:: GIVEN MATERIAL ::
============

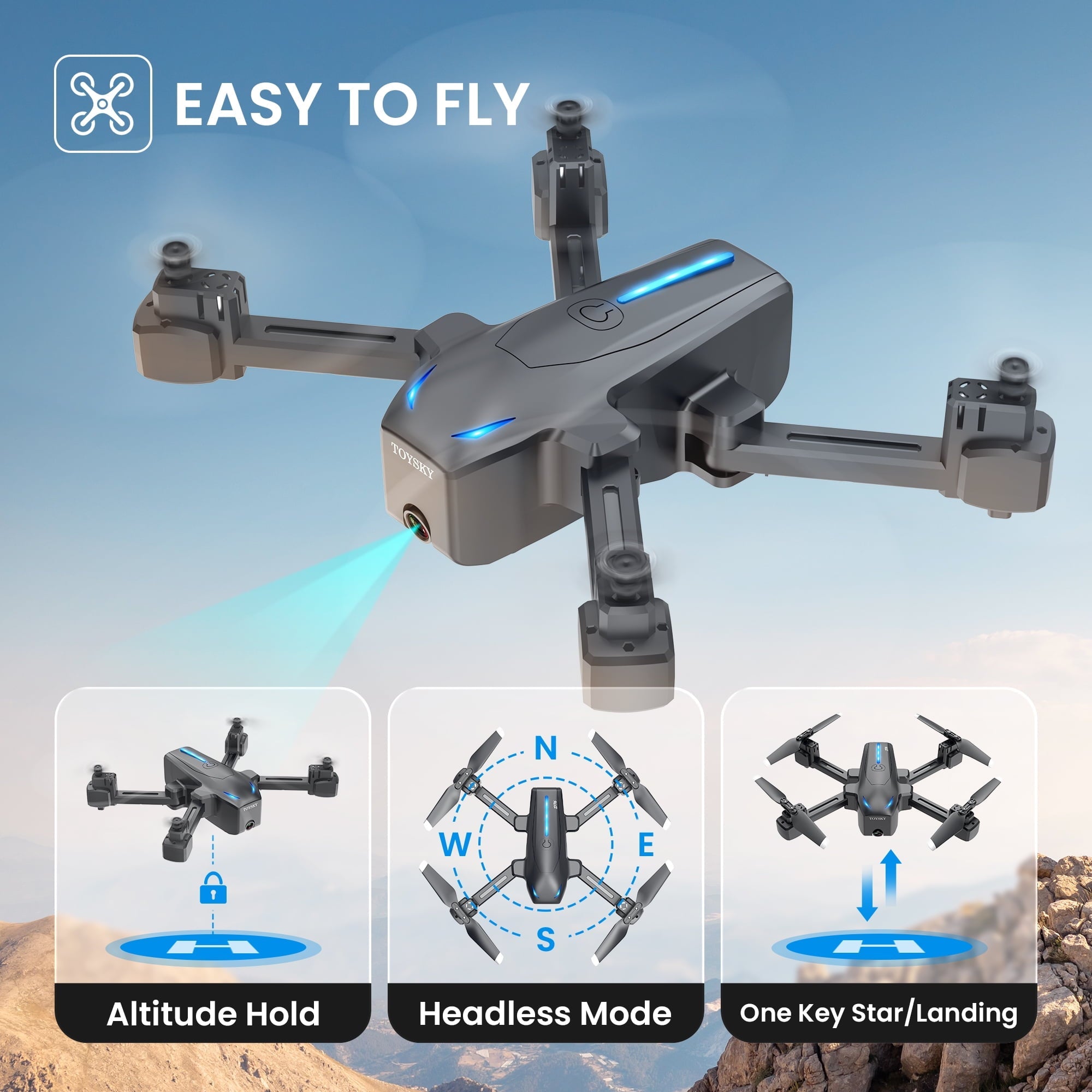 Islyne S176G GPS Drone with 4K Camera for Adults, RC Qudcopter with Auto Return Home, Smart Follow Me, 2 Batteries and Carry Bag, Black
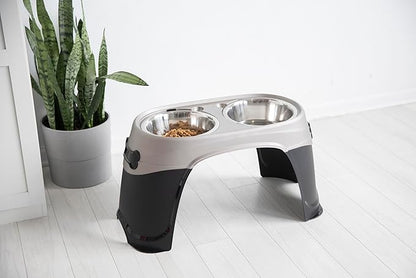 Petmate Easy Reach Pet Diner Elevated Dog Bowls 2 Sizes 2 Polished Colors, Black/Pearl Tan, Large (23479), Made in USA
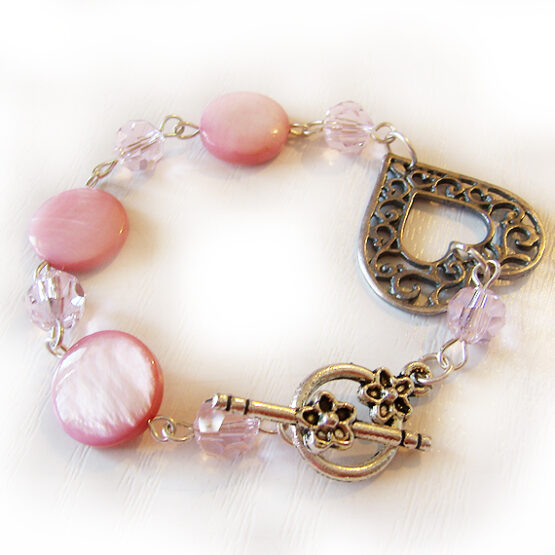 Pulsera Amor Corazón Bolitas Cristal Rosa y Madre Perla
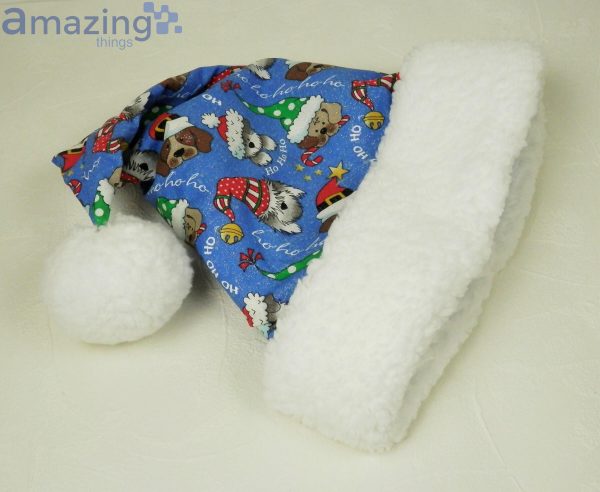 Christmas Dogs Hohoho Pattern Blue Christmas Santa Hat For Adult And Child Product Photo 4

============

:: THE PROBLEM ::
Write out exactly the lines from the line containing "Pulsera Amor Corazón" through the last line of the listing above, please, and leave out any pictures.

:: RESULT OF THIS TASK ::
 Pulsera Amor Corazón Bolitas Cristal Rosa y Madre Perla
 Christmas Dogs Hohoho Pattern Blue Christmas Santa Hat For Adult And Child Product Photo 4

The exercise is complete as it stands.